For the past decade, PCSK9 has gained tremendous attention. It is well-established that statin treatment elevates plasma PCSK9 levels and, on the contrary, inhibition of PCSK9 function enhances the lipid-lowering effects of statins [25, 26]. Among the various PCSK9 inhibitors, human data are available for monoclonal antibodies against PCSK9 of which the two most advanced are SAR236553/REGN727 and AMG 145. In a 12-week phase II study of patients with LDL-C levels ≥ 100 mg/dl on a stable dose of atorvastatin (10, 20, or 40 mg/day), add-on of SAR236553/REGN727 (doses 50–150 mg) administered subcutaneously every 2 weeks resulted in LDL-C reductions of 40–72% . The LAPLACE-TIMI trial evaluated patients with documented hypercholesterolemia, while on a statin with or without ezetimibe treatment.
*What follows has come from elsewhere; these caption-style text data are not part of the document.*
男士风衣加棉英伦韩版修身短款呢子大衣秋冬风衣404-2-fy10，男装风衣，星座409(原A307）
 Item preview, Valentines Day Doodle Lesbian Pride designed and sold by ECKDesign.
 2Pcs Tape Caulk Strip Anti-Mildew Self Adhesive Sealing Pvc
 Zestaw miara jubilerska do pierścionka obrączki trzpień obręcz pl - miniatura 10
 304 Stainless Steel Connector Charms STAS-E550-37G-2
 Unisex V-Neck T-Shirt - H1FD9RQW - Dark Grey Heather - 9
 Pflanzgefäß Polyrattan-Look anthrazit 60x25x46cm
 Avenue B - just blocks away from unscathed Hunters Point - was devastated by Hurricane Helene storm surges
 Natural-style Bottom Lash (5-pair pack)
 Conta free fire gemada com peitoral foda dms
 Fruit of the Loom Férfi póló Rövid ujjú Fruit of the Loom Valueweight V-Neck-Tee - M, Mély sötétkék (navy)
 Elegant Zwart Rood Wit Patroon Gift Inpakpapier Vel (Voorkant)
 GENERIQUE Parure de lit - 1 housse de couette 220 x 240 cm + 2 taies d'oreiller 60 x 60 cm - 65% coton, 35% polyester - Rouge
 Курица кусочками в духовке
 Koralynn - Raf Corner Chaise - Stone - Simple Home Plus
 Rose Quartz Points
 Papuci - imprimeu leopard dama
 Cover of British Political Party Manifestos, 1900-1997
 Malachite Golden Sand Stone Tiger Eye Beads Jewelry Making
The data had shown reductions of LDL-C by 41.8% to 66.1% when administrated AMG 145 at 70, 105 and 140 mg every 2 weeks, with acceptable safety and tolerability . Combining our findings and previous studies together may suggest that, not only statins, but also ezetimibe and Xuezhikang could increase plasma PCSK9 levels, and this effects occurred before the changes of lipid-profile, which strongly suggest that PCSK9 inhibitors should be combined with the currently prescribed lipid-lowering drugs to result in further LDL-C lowering effect, and it would be better to be used prior to lipid-lowering drugs. Moreover, our data also provides additional information with respect to combination of ezetimibe plus Xuezhikang may be a better choice than ezetimibe plus pitavastatin in clinical practice.
There are several limitations in the present study. First, we did not observe the long-term effect of different lipid-lowering drugs, alone and in combination, on plasma PCSK9 and lipid-profile concentrations. Second, we did not explore the molecular mechanisms of the phenomenon. Hence, further studies are needed.